You can find out what kind of processor a computer has by in a shell window giving the command

 cat /proc/cpuinfo 
Your lab report should specify the particular processor model name.

It would be unreasonable for me to expect you to learn Intel's assembly language after having just struggled with MIPS's. So instead, you'll use a different approach: we'll write the programs in C and compiling them with the gcc compiler. You'll then look at the assembly language output produced by the compiler so that you can see the difference between the two versions, but it is much easier to read an unfamiliar assembly language than to write it.

Compiling, linking and running loop.c

I have written the first version of the program, which jumps to a label, and have included some extra code which will make it trivial to generate the second version of the program. It is in the loop.c file linked from the web version of this lab handout. In order to use the cycle counter, it makes use of a second file, cyccounter.h, which is also on the web. You will need to download copies of these two files into your own directory. You are not expected to be able to read and understand cyccounter.h.

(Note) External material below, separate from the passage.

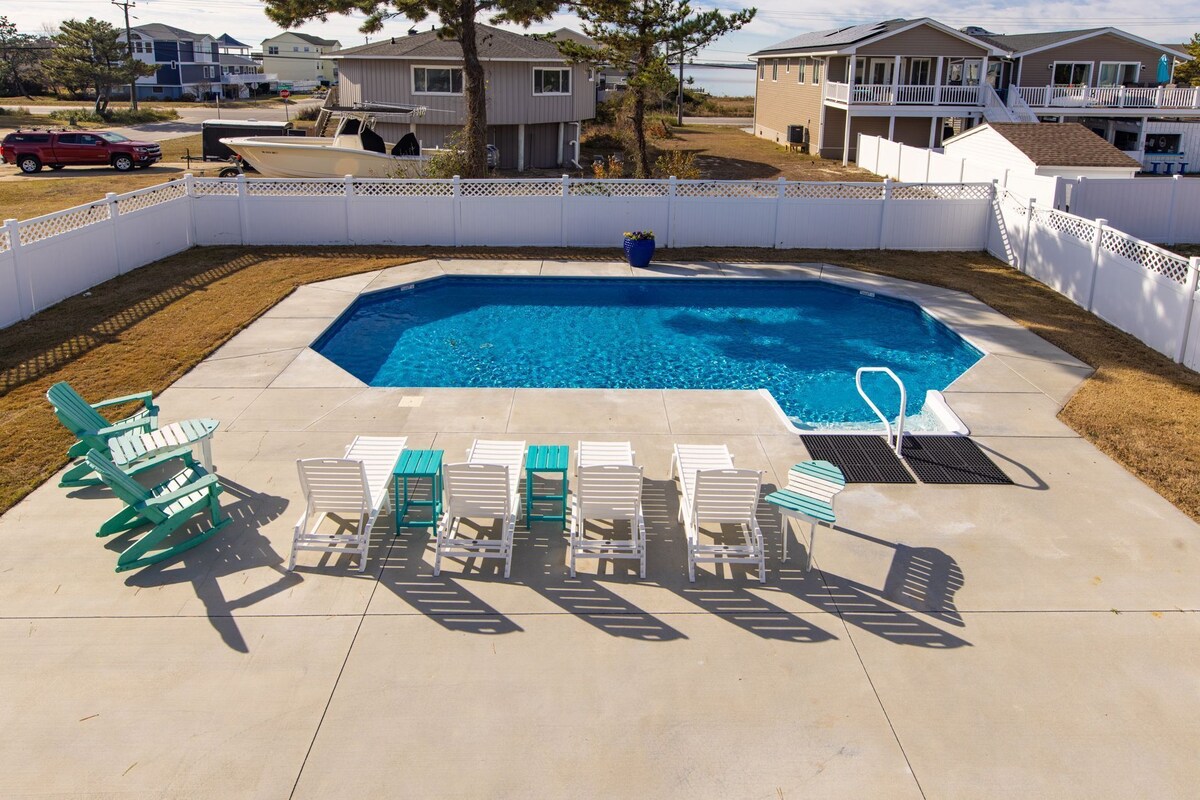 *NEW*Easy Day- Pool, Hot Tub, Dog Friendly, Direct Beach Access!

To compile this program using gcc, you can use the following two commands:

gcc -S loop.c
gcc -o loop loop.s
The first command compiles the C program loop.c and stops at assembly language (that is what the -S option does). This assembly language version is left in the file loop.s. The second command says to compile (actually assemble) the loop.s assembly language program the rest of the way to an executable machine language program, which it should put in the output file loop. (The -o option just says that what follows it is the output file.)

In order to run the loop program, choose a number of iterations n, and issue the command

./loop n
The program will then print out the number of cycles the loop took. You can repeat this several times with the same value of n to get an idea how repeatable it is, and repeat it with several different values of n to see how the number of cycles grows with n, in particular, how many additional cycles are done for each additional trip through the loop. If there is some variation in the cycle counts for a particular n, you should use the smallest rather than taking an average. This is because we only want to pay attention to cycles actually spent in the processor, not the extra cycles that can sometimes be needed because of memory delays or other effects outside of chapter 6's scope.

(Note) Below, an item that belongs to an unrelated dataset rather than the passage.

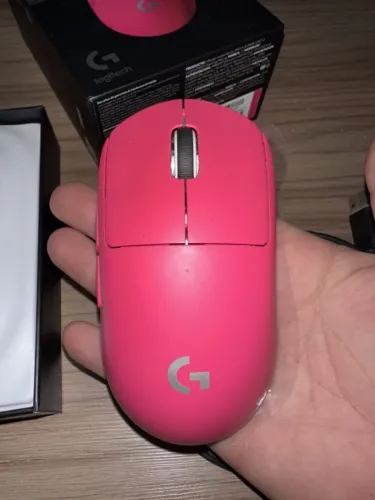 Mouse Gamer Logitech G PRO X Superlight 2 Sem Fio Magenta/Rosa com Caixa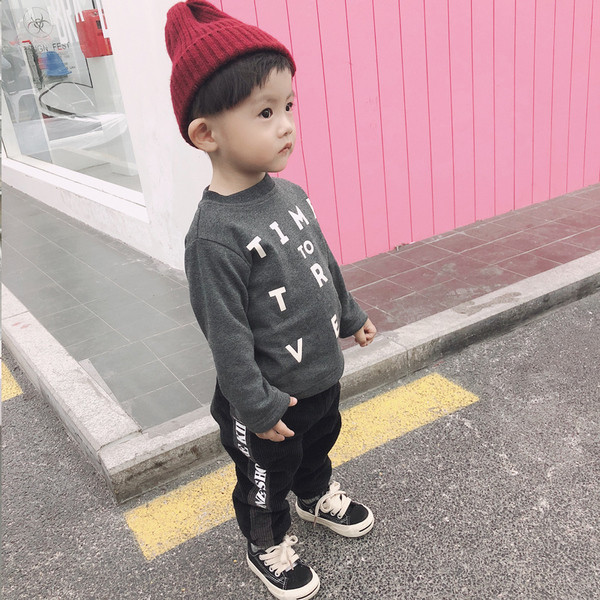 Παιδική μπλούζα με έγχρωμη επιγραφή για αγόρια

Counting cycles per iteration

The question of how many cycles each iteration of the loop takes can be answered in two ways: the average number of cycles per iteration or the marginal number of cycles per iteration. The average is found by taking the total number of cycles for n iterations and dividing it by n. The marginal value is found by seeing how many more cycles the loop takes to do n1 iterations than n0 (where n1 > n0) and dividing that difference by n1 - n0. The marginal value is generally the more interesting one, because it excludes any fixed costs. Some of those fixed costs are artifacts of the measurement study: starting and stopping the timer takes some time. Even fixed costs that aren't artificial are of diminishing relevance as the number of iterations grows large, and if the number of iterations is small, then performance is probably not crucial in the first place. Besides, we are particularly interested in the performance of the jumping to the top of the loop, and that is a per-iteration phenomenon, not a start-up cost like initializing i to 0. Therefore, you should calculate marginal, not average, values in this lab.

Which values of n are appropriate?

I'd recommend using an n of (say) 100, and one of 200 and extract the slope of the line. (Or, you could try 1000 and 2000.) Then, to be sure, you might try one or to more values (like 300) to make sure the slope persists as you'd expect. If you use values which are too small, may of the cycles will be due to loop start-up costs. If you use values which are too large, you risk other processes sneaking in and stealing cycles while your loop is running.

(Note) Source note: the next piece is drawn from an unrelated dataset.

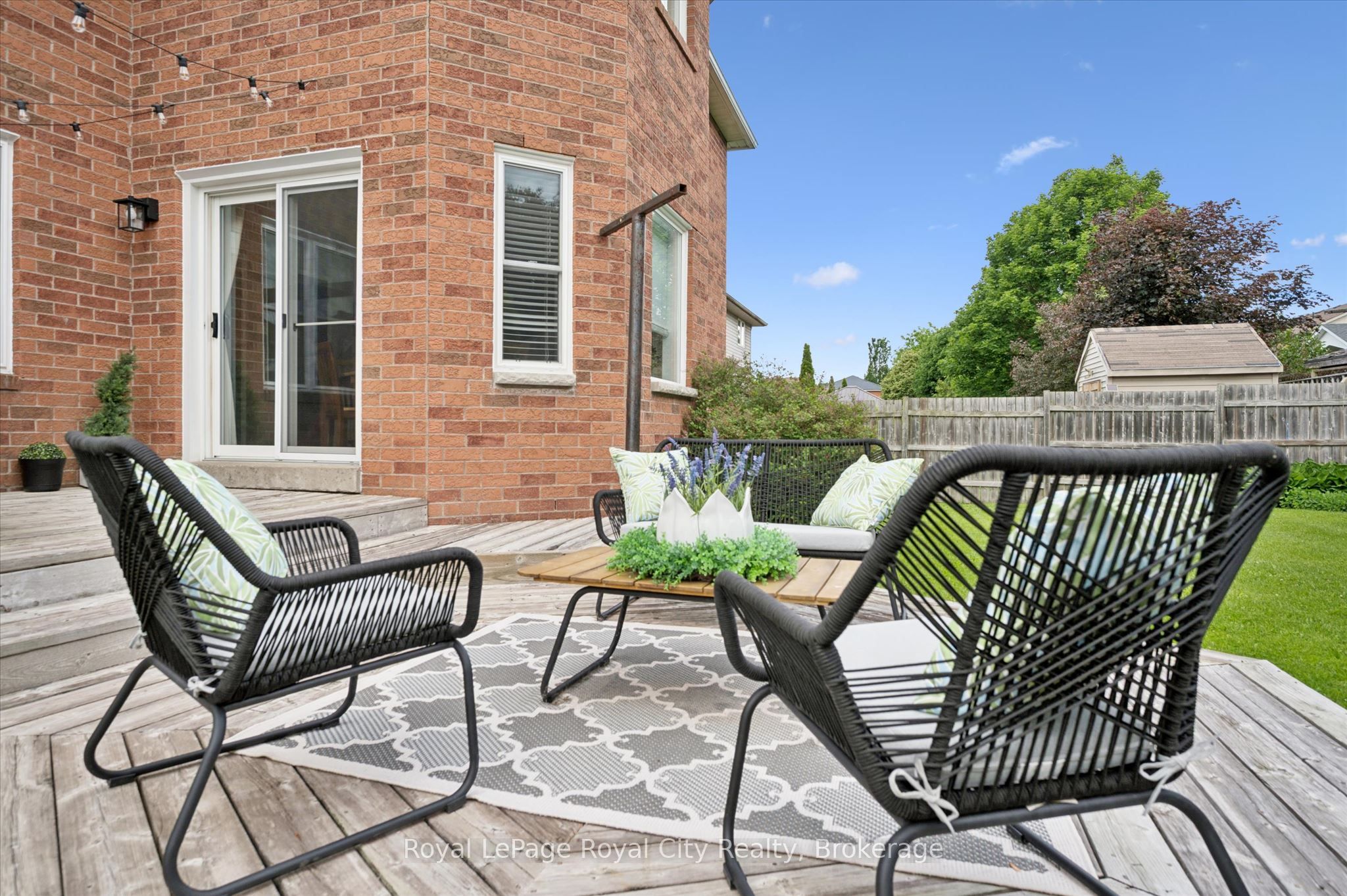 339 Daniel Crescent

Modifying the program to jump using a register

To make the alternative version of the program, where the loop is closed not with a jump to a label but rather a jump using a register, you will need to edit the C program (or rather, a copy of it with a different name) and recompile. The loop in the C program ends with the statement
 goto loop; 
This is what gets translated by the C compiler into a jump to a label. We want to change this to the C equivalent of jumping to an address specified by a register, which is using goto with the target pointed to by a variable. This can't be done in standard C, but can using a non-standard extension to C that the gcc compiler provides. To learn about this non-standard extension, you'll need to look at the gcc documentation. Here are two ways to locate the documentation: This should now have the information you need. If you have trouble understanding it, be sure to ask. (Note that you should only have to change one line of the C code.) One likely trouble spot is that foo is used in the example without explanation. The idea is that this is a label appearing in part of the example program that isn't shown. That is, some statement would be labeled with foo: (note the colon here). Then after assigning &&foo to ptr, the statement goto *ptr; has the same effect as goto foo; would.

You can compile and run the new version of the program the same way as the original. You should also compare the two assembly language versions (the .s files) to make sure that the loop is really the same except for the jump instruction at the end, and possibly which specific register has been assigned to hold each variable. The jump instruction in the IA-32 assembly language is jmp. This is used for both jumping to a label (MIPS's j) and jumping via a register (MIPS's jr). The difference is that if you are jumping to a label, the label appears after the jmp, while if you are jumping to a location specified by a register, the jmp is followed by a * and then the register name. The labels generated by gcc start with .L, and the register names all start with % (which is like $ for MIPS). If you have trouble identifying what lines of assembly language are the loop, or understanding the difference, please ask for help.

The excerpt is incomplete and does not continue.